Obermeier: Dass es eine Transzendenz gibt, etwas, was man nicht sehen kann und dass alles, was man in der Kirche feiert, eben sowas ist. Denn ein Kind, mit dem man über den lieben Gott redet, das zweifelt so etwas Abstraktes noch nicht an.
Wie soll man es vermitteln?
Kant: „Zuvörderst muß man alles der Natur, nachher diese selbst aber Gott zuschreiben. Der Begriff von Gott dürfte am besten zuerst analogisch mit dem des Vaters, unter dessen Pflege wir sind, deutlich gemacht werden.“
Schwester Andrea: Manche Dinge muss man einfach auswendig lernen. Damit ist für den Glauben noch nichts gewonnen, aber das ist auch etwas, was ich letztendlich im Religionsunterricht nicht machen kann.
Metzger-Obermeier: Man findet Zugang über Erzählen. Kinder sind sehr empfänglich für Wundergeschichten, weil sie besser als Erwachsene das Wunderbare begreifen.
Obermeier: Dass man sich zum Beispiel Texte aus der Bibel anschaut und daraus sofort folgert, dass die Menschen aus den Geschehnissen Konzequenzen gezogen haben, dass das ja auch was bringt, was da steht.
Kommt Moralität, also sittliches Empfinden, zuerst oder Theologie?
Kant: „Verbindet man Religion nicht mit Moralität, so wird Religion bloß zu Gunstbewerbung. Lobpreisungen, Gebete, Kirchengehen sind nur Vorbereitungen zu guten Werken, nicht aber selbst gute Werke, und man kann dem höchsten Wesen nicht anders gefällig werden, als dadurch, daß man ein besserer Mensch werde. Moralität muß also vorhergehen, die Theologie ihr dann folgen, und das heißt Religion.“
Schwester Andrea: Ich persönlich schöpfe meine Moral aus der Theologie. Aber wir wollen hier niemanden zum Heiligen machen; jeder soll er selbst werden.
Metzger-Obermeier: Zuerst das ethisch gute Handeln.
Obermeier: Das kann man fast nicht trennen. Wenn ich versuche, ein guter Mensch zu sein, lobpreise ich Gott schon und andererseits, werde ich meinen Versuch, gut zu sein, immer damit begründen, dass ich es tue, weil ich gläubig bin.
Was würden Sie Kindern als die wahre Gottesverehrung beschreiben?
Kant: „Daß man nach Gottes Willen handelt.“
Schwester Andrea: Die Liebe Gottes annehmen und erwidern.

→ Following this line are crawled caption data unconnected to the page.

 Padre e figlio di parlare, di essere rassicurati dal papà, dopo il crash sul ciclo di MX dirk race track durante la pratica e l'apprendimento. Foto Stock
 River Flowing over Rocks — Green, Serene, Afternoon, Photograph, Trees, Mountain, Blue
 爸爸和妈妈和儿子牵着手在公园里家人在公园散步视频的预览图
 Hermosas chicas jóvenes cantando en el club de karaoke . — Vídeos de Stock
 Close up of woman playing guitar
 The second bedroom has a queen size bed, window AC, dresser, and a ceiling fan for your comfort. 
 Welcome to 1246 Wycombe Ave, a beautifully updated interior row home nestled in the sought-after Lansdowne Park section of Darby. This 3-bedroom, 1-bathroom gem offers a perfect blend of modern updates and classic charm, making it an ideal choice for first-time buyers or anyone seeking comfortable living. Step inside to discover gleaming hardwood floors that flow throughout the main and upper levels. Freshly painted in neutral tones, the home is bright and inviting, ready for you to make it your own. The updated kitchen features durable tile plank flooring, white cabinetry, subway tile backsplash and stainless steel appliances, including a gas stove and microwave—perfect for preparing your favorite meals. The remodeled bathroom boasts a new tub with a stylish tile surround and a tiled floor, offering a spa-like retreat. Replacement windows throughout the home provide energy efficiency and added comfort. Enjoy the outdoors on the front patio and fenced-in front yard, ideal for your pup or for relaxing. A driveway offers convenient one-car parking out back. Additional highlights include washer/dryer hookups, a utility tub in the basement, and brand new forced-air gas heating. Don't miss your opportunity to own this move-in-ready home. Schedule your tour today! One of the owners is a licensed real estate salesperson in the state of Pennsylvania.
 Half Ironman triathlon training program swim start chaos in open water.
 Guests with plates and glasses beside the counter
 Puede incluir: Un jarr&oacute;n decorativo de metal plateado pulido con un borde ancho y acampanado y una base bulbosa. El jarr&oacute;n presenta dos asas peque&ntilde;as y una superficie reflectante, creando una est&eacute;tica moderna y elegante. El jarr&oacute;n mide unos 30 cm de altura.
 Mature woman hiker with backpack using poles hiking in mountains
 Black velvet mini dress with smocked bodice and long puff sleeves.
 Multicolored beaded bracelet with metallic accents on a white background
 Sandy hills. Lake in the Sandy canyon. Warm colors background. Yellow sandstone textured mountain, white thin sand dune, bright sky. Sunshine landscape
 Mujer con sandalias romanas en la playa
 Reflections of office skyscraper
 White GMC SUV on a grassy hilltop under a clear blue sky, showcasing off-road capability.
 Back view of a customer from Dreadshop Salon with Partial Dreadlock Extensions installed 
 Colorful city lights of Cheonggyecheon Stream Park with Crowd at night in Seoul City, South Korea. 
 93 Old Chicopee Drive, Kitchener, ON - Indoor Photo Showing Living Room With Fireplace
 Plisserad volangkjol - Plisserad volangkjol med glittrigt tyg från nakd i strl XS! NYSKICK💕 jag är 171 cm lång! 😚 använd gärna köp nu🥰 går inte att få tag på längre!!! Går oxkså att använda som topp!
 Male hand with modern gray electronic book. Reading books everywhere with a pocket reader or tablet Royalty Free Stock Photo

Metzger-Obermeier: Abstrakt würde ich sagen, indem ich seine Schöpfung so nutze, wie er sie mir gegeben hat. Konkret: die verschiedenen Formen von Beziehungen zu Gott ausleben. Das kann der Gottesdienst sein, das kann das Miteinander der Menschen sein. Der klassische Gottesdienst mit den Elementen Wort, Gemeinschaftsfeier, aber unbedingt in Formen, die mir was sagen wie beispielsweise ein Jugendgottesdienst. Kants Aussage ist mir zu allgemein. Was ist zum Beispiel Gottes Wille? Der Begriff braucht auch wieder Auslegung.
Obermeier: Ehrlich sein zu mir selbst.
Was erzählen Sie Ihren Schülern von Kant?
Schwester Andrea: Eine besonders große Rolle spielt Kant eigentlich nicht. Seine Ethik und der kategorische Imperativ kommen in der 13. Klasse vor.
Metzger-Obermeier: Man kann ihn in der Zehnten bei der Bergpredigt mit reinnehmen, denn bei der goldenen Regel bei Matthäus „Was andere dir tun, das tu auch ihnen“ bin ich ja im Prinzip beim kategorischen Imperativ. Und dann auch im Grundkurs und beim Thema Willensfreiheit.
Obermeier: Ich habe wenig Erfahrung mit Kant im Religionsunterricht, weil er sehr schwierig ist. In Klasse 12 kommt er im Themenbereich Gotteserkenntnis und Gottesbeweise vor. Und einmal taucht er noch auf, wenn es um Willensfreiheit geht und die Bindung an das moralische Gesetz.